We also found that the median velocity in patients with simple steatosis was lower than that in healthy volunteers. Possible reasons for this observation include the hypothesis that steatosis makes the liver softer because of fat deposition in the liver parenchyma. Unlike viral hepatitis, NASH has two aspects: steatosis and fibrosis. Therefore, in patients with NAFLD, it may be difficult to distinguish between simple steatosis and NASH with mild fibrosis with use of ARFI sonoelastography, although it can be performed more conveniently than transient sonoelastography.

One limitation of our study was that we calculated our accuracy measurements on the basis of the population being studied; therefore, our results are optimized for this specific population and likely include overestimations of performance. Another limitation was the relatively small number of patients, particularly those with higher grades of liver fibrosis. Because of this, we may not have adequately assessed the biologic variability in the patients with higher grades of fibrosis. Selection bias was another limitation because in this study, we did not examine patients who had any clinical evidence of hepatic decompensation. Furthermore, the liver biopsies were performed up to 12 months before ARFI sonoelastography and transient sonoelastography. There is the possibility that the degrees of steatosis and fibrosis had changed for the period. In this study, the same person performed the ARFI sonoelastographic and transient sonoelastographic examinations; this was an advantage because the two examinations could be performed with the patient in the same position. However, it cannot be denied that knowledge of other examinations could have biased results. At present, we have no choice but to depend on liver biopsy for the diagnosis of NASH.

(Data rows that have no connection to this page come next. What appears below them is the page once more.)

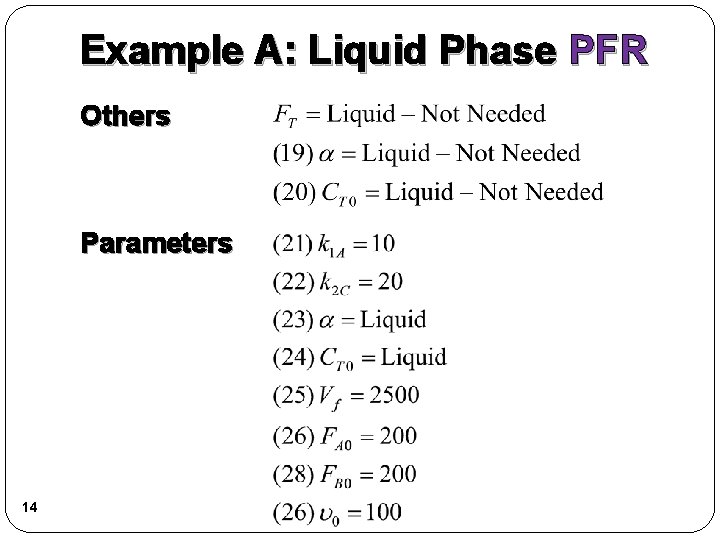 Example A: Liquid Phase PFR Others Parameters 14 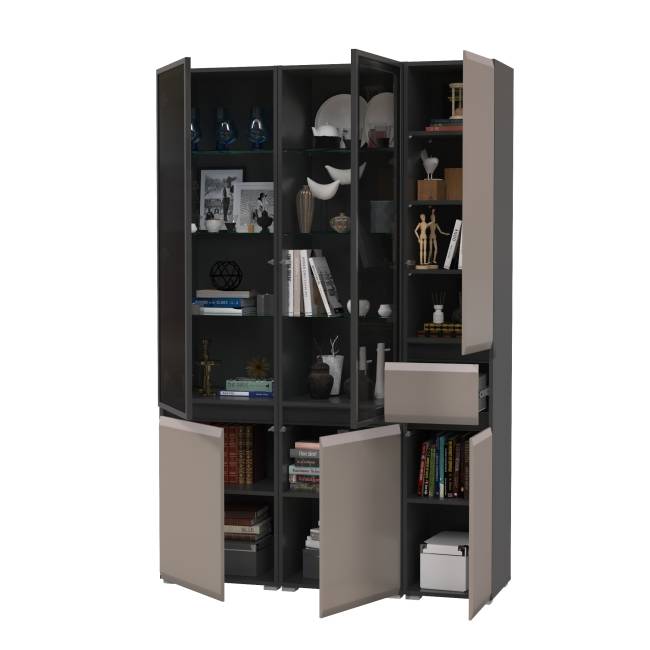 Два шкафа-витрины Сидней 13.201 и пенал-шкаф с ящиком Сидней цвет антрацит/МДФ веллюто капучино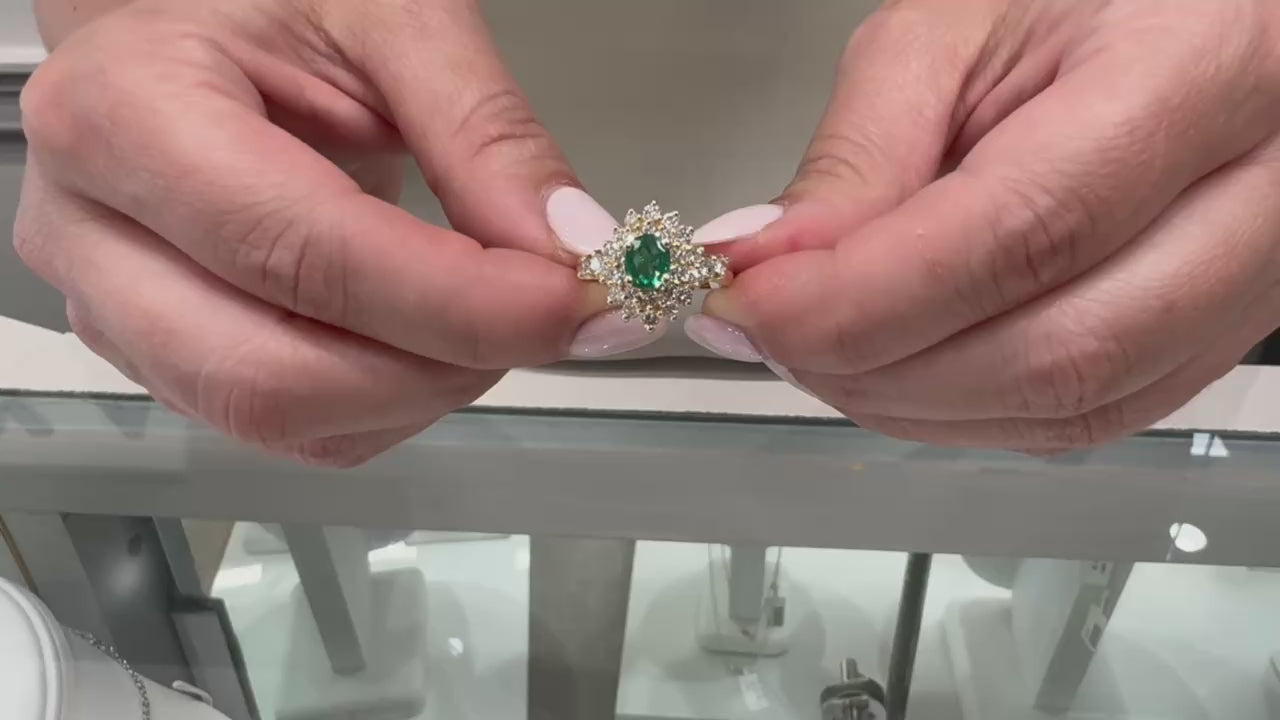 14K Yellow Gold Emerald and Diamond Ring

In conclusion, to our knowledge, this is the first study conducted to investigate the potential clinical usefulness of a US-based ARFI elastography technique as a noninvasive method of assessing liver fibrosis in patients with NAFLD. Further investigation is required to ensure that ARFI sonoelastographic measurements are useful diagnostic markers of NASH.

Advances in Knowledge

*          There is a stepwise increase in the median velocity measured by using acoustic radiation force impulse (ARFI) sonoelastography with increasing histologic severity of hepatic fibrosis in fatty liver disease.

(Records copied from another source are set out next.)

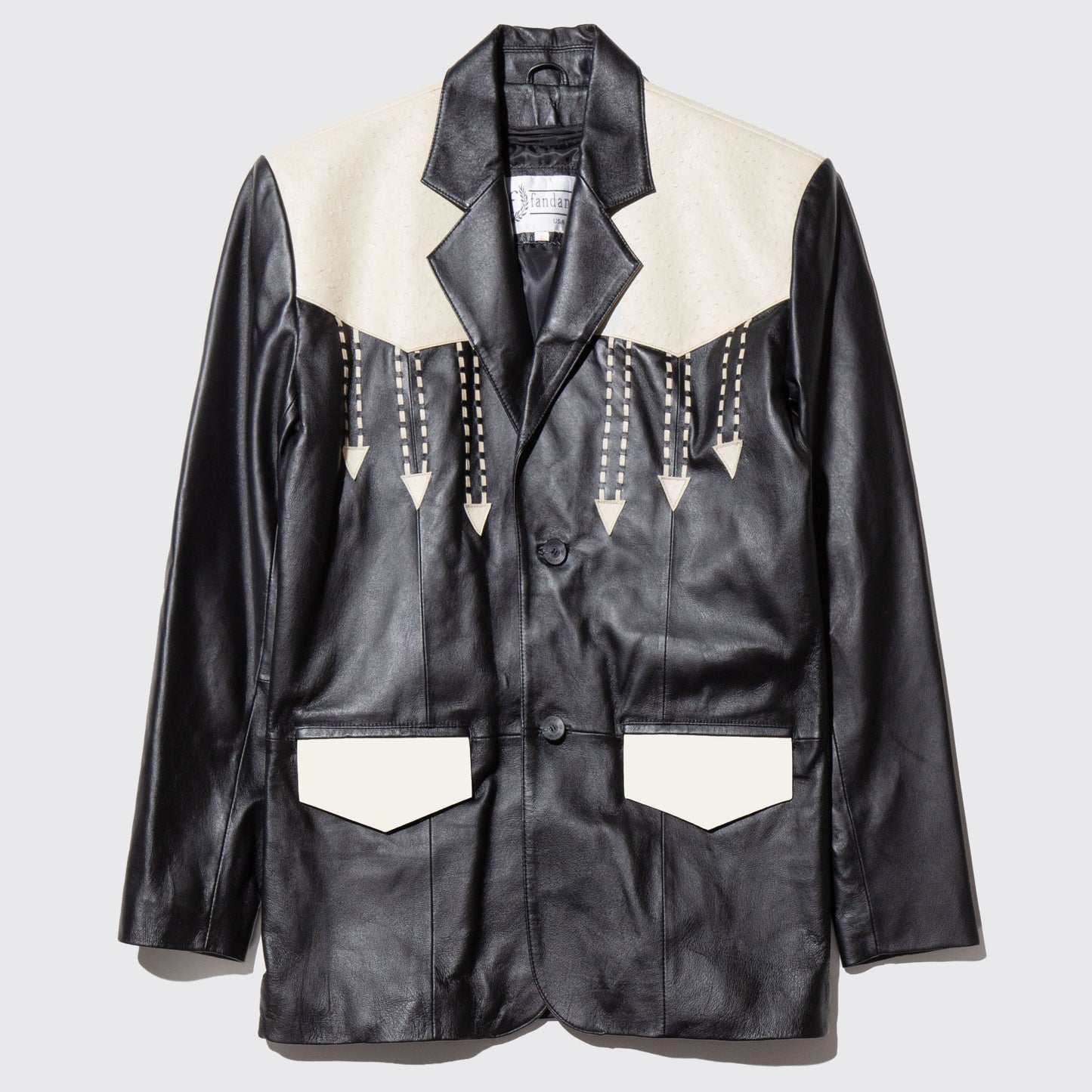 vintage orstrich yoke leather tailored jacket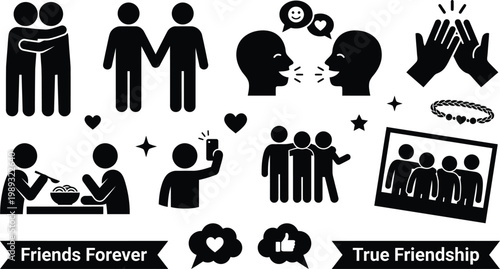 Black silhouettes of diverse people icons representing friendship and togetherness on white background with text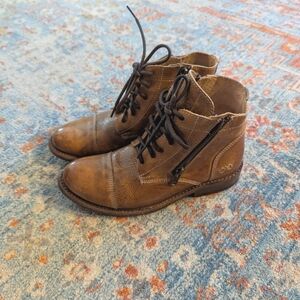 Bed Stu Women's 6 Bonnie Cobbler Series Leather Ankle Boots Tan Rustic Zip Sides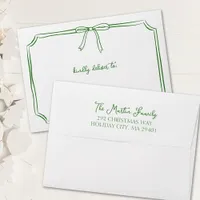 Whimsical Christmas Green Festive Bow Holiday Card Envelope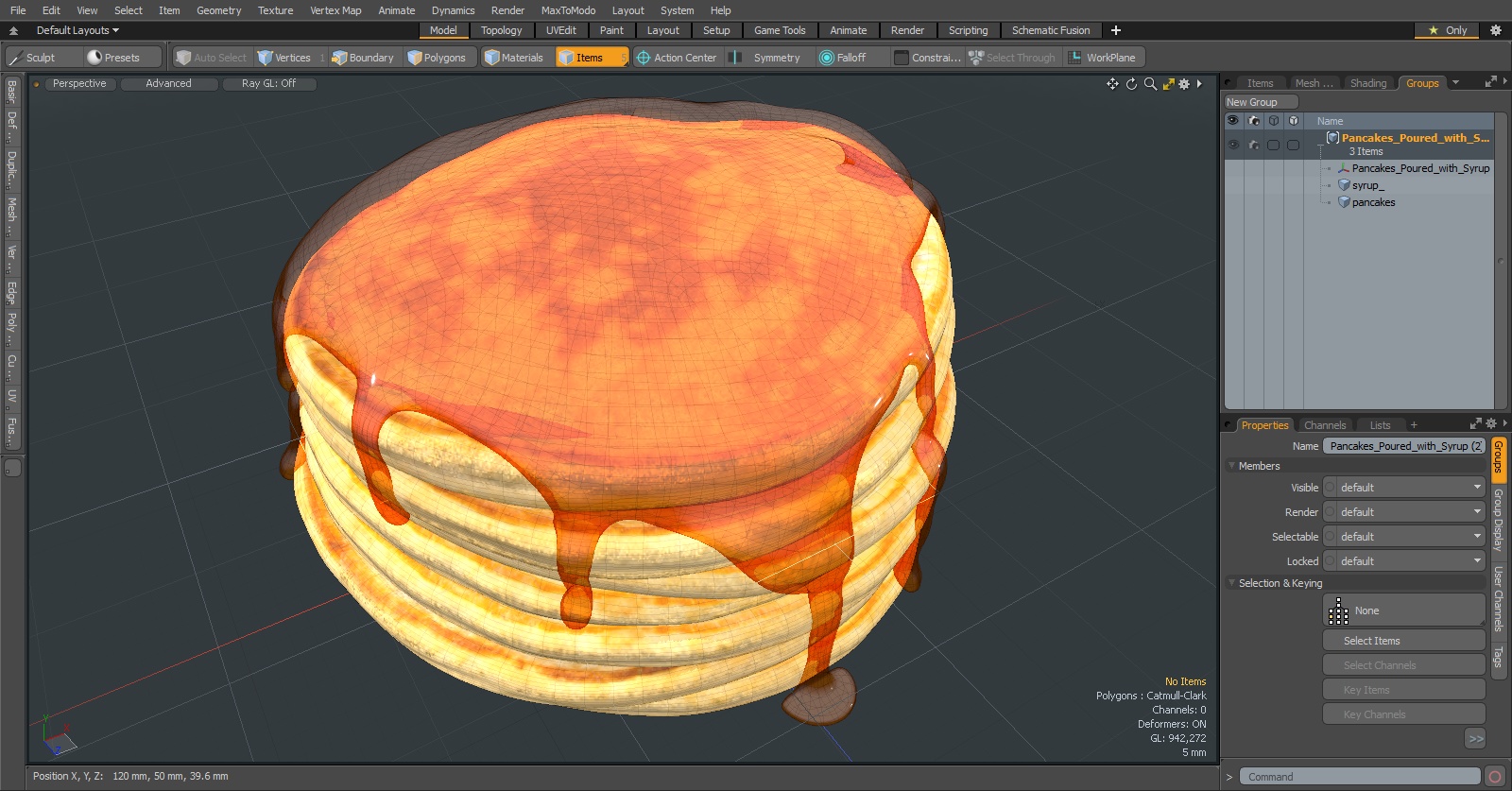 3D Pancakes Poured with Syrup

*          The median velocity in patients with simple steatosis is lower than that in healthy volunteers.

*          There is a relationship between median velocity measured by using ARFI sonoelastography and liver stiffness measured by using transient sonoelastography.

Implications for Patient Care

*          ARFI sonoelastography can be performed during standard US examinations of the liver, which are routinely performed in patients with chronic liver disease.

*          ARFI sonoelastography is a rapid and noninvasive method of detecting fibrosis in patients with nonalcoholic fatty liver disease.